Clamorosa possibile svolta sul caso del Mostro di Firenze: il Dna “sconosciuto” su un proiettile sembra poter cambiare tutto.
Potrebbe riaprirsi la caccia al Mostro di Firenze. Il colpo di scena è arrivato dal ritrovamente del Dna sconosciuto su uno dei proiettili usati nell’omicidio di Nadine Mauriot e Jean Michel Kraveichvili, le ultime vittime attribuite appunto al killer. Si tratterebbe di un Dna che sarebbe stato ritrovato anche sui proiettili di altri due delitti.
![cadavere nella scena del crimine](https://newsmondo.it/wp-content/uploads/2023/10/SH_scena_crimine_cadavere_prove_scientifica.jpg)

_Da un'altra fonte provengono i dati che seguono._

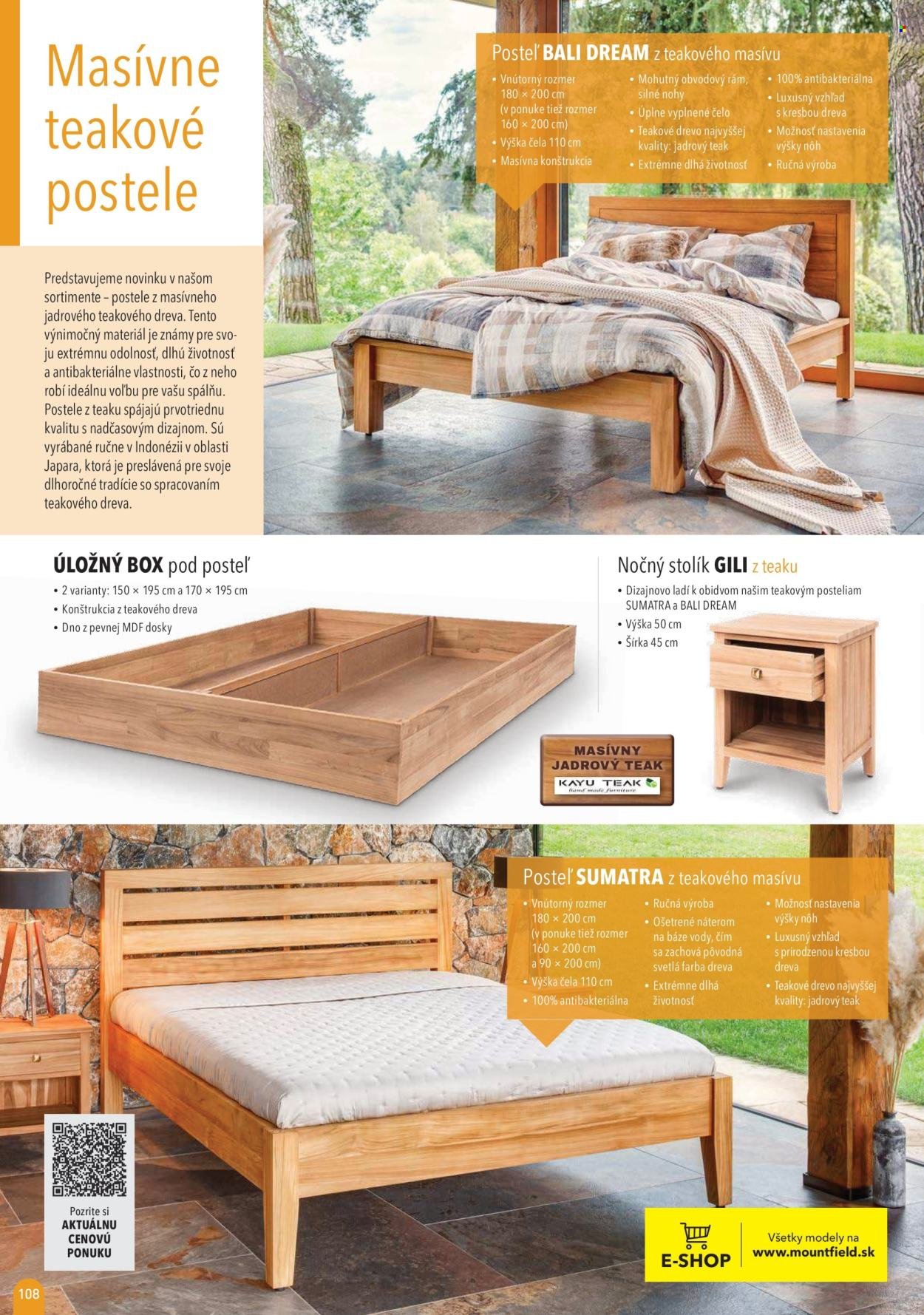 MOUNTFIELD leták - Katalóg 2025 (2025-04-02) | 108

Mostro di Firenze, il Dna “sconosciuto” riapre la caccia
il Mostro di Firenze commise sette duplici omicidi dopo quello di Antonino Lo Bianco e Barbara Locci a lui attribuito. Tutti avvennero dal 1974 al 1985. L’arma con cui si compirono i delitti non fu mai ritrovata a differenza di un proiettile che diventò parte delle prove nei confronti di Pietro Pacciani, da sempre ritenuto il mostro e morto in attesa del processo d’appello dopo l’annullamento della sua assoluzione da parte della Cassazione. Insieme a lui, anche Mario Vanni e Giancarlo Lotti vennero condannati all’ergastolo e a 26 anni di reclusione.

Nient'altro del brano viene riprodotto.